We had a lot of "do you remember" man talk to catch up on and after enduring nearly two hours of conversation about people and happenings of which she knew nothing, Martha gave up and headed for the stairs.

"You two can talk all night if you want," she announced over her shoulder, "but I'm going to bed. Breakfast on the patio about nine or so, Lee."

"I'll be there, Marty. Sleep tight."

"Not as tight as you will, I'll bet," she grinned. "There's another jug in the kitchen if you think you may need it."


W

e heard her bedroom door hiss as it slid closed and sat for a moment looking into the fire and listening to it whispering secrets to itself.

"She's a pretty nice wife, Sam," he told me.

"Thanks. I like her, too."

"Not at all like Prunella."

"Prunella?" I said. "I don't think—"

"Well, that's what the boys at the station began calling her a couple of days after she landed. Behind her back, of course."

"I still don't know who—"

"You know, the niece of that windbag in World Congress that you featherheads in the front office sent out to replace Pop Jensen when he fell out of that tree and had to be sent back to Earth for hospitalization."

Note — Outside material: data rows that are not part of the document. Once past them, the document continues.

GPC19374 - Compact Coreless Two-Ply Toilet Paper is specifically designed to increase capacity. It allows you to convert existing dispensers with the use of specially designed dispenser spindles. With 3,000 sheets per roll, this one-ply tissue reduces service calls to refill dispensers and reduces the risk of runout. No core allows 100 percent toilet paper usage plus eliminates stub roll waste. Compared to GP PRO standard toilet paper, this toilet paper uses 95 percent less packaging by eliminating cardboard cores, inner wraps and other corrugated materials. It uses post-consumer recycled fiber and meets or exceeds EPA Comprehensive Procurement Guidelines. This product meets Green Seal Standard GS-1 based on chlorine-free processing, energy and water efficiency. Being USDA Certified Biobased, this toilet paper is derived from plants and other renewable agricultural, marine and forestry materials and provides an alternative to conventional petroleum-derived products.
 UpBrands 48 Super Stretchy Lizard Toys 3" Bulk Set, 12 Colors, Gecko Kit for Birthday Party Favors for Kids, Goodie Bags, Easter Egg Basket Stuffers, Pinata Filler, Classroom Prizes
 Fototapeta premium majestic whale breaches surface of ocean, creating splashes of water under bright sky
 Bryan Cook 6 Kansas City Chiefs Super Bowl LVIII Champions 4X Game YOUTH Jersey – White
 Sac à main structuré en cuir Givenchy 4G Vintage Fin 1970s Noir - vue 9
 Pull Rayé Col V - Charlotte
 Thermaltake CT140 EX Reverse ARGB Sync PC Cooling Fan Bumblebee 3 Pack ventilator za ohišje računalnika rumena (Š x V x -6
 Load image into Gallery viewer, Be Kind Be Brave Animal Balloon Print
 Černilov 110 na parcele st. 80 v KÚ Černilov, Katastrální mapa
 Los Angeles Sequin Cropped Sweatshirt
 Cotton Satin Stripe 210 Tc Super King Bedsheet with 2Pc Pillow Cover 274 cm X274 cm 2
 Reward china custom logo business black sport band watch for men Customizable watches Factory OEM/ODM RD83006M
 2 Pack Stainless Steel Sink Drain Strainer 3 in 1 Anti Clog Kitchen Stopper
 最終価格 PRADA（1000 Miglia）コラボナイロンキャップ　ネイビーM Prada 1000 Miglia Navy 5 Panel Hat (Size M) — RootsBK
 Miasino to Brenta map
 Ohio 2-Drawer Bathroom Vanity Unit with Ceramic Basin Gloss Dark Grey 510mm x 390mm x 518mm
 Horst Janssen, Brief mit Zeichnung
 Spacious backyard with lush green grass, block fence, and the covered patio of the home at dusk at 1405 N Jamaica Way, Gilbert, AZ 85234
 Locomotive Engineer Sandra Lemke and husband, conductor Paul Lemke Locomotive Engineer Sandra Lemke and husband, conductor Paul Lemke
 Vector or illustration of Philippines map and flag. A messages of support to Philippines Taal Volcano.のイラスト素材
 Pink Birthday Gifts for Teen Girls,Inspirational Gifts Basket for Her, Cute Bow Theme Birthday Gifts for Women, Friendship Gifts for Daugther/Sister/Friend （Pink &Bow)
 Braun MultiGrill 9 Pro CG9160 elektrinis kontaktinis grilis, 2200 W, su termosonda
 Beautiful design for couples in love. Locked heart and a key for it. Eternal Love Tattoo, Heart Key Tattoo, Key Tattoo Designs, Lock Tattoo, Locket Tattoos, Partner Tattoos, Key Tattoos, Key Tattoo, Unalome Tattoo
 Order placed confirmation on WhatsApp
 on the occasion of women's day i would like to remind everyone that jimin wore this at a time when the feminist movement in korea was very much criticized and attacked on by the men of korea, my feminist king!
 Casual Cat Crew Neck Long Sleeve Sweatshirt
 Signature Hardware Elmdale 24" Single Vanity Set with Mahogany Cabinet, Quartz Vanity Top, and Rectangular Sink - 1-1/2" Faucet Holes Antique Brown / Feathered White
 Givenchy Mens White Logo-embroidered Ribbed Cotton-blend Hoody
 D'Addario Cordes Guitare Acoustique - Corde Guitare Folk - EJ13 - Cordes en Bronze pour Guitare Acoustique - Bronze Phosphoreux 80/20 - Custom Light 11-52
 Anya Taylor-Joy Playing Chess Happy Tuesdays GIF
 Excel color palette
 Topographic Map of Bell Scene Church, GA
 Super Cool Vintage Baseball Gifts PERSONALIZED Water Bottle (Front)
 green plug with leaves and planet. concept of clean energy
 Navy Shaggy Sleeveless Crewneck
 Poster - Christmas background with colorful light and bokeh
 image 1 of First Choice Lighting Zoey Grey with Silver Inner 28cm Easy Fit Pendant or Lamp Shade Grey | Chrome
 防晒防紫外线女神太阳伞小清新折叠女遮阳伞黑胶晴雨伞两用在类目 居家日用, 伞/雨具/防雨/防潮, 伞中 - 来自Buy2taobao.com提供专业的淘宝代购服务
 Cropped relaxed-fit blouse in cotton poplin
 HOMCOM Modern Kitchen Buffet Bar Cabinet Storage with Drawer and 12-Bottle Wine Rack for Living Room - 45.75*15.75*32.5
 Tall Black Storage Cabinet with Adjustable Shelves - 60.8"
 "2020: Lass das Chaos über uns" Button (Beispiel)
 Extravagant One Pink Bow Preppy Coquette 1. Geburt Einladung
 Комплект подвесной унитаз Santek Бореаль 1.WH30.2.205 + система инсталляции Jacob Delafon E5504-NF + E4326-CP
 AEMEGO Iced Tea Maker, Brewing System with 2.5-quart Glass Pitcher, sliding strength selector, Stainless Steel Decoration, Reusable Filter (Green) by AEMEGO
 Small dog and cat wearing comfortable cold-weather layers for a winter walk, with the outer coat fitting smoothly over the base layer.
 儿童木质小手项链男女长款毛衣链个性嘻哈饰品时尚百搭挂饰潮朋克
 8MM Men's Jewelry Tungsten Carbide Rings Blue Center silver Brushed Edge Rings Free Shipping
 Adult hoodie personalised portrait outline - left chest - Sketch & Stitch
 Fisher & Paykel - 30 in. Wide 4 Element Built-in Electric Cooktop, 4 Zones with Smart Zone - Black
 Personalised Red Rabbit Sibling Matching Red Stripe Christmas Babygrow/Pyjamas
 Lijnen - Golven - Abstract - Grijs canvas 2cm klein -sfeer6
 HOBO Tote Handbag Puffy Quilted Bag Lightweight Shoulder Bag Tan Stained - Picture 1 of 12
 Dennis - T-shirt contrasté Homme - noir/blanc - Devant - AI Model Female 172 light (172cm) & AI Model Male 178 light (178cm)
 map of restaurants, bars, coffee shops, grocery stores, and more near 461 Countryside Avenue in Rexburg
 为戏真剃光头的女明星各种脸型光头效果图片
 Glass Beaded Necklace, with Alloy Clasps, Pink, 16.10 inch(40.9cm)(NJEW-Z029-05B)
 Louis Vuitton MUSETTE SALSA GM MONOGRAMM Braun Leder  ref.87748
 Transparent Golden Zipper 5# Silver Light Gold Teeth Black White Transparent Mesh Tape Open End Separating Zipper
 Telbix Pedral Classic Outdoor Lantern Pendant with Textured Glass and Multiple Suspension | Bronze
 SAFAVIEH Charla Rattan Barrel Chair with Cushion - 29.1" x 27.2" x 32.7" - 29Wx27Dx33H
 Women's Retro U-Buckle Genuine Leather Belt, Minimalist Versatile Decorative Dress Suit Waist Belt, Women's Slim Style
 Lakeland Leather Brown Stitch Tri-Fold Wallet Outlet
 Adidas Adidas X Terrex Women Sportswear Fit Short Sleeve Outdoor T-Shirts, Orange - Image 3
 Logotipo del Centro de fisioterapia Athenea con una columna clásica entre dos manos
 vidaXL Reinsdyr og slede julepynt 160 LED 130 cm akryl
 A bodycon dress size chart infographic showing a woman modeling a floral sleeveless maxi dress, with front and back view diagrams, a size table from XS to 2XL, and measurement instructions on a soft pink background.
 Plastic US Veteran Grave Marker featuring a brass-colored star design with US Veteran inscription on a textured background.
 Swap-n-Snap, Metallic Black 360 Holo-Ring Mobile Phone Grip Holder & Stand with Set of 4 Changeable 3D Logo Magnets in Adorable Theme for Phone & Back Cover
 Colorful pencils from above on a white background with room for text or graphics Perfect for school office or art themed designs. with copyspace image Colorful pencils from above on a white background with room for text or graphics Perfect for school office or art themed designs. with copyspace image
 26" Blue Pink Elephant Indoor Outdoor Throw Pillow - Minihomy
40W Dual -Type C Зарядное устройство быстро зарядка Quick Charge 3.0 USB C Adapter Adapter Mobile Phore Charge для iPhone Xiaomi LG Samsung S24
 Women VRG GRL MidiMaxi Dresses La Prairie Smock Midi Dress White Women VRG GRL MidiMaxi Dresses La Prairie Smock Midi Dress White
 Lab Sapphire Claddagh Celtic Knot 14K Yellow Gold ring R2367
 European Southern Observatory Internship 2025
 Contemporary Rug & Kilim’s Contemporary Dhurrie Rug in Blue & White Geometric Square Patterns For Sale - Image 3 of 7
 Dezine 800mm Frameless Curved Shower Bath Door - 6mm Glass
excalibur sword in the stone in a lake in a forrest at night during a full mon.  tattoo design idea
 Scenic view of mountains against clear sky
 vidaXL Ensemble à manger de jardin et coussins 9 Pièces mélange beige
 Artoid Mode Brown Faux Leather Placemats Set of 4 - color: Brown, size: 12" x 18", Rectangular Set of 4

"Oh, that one. Look, Lee, I didn't have anything to do with her selection. She was appointed by the Old Man himself. Understand there was some kind of pressure on him from the top."

"I forgive you, Sam, but I rather doubt if some of the other people of the group will for a while."

"How come she didn't stay?" I asked. "Political pressure or not, I can't imagine the supervisors sending out an incompetent replacement."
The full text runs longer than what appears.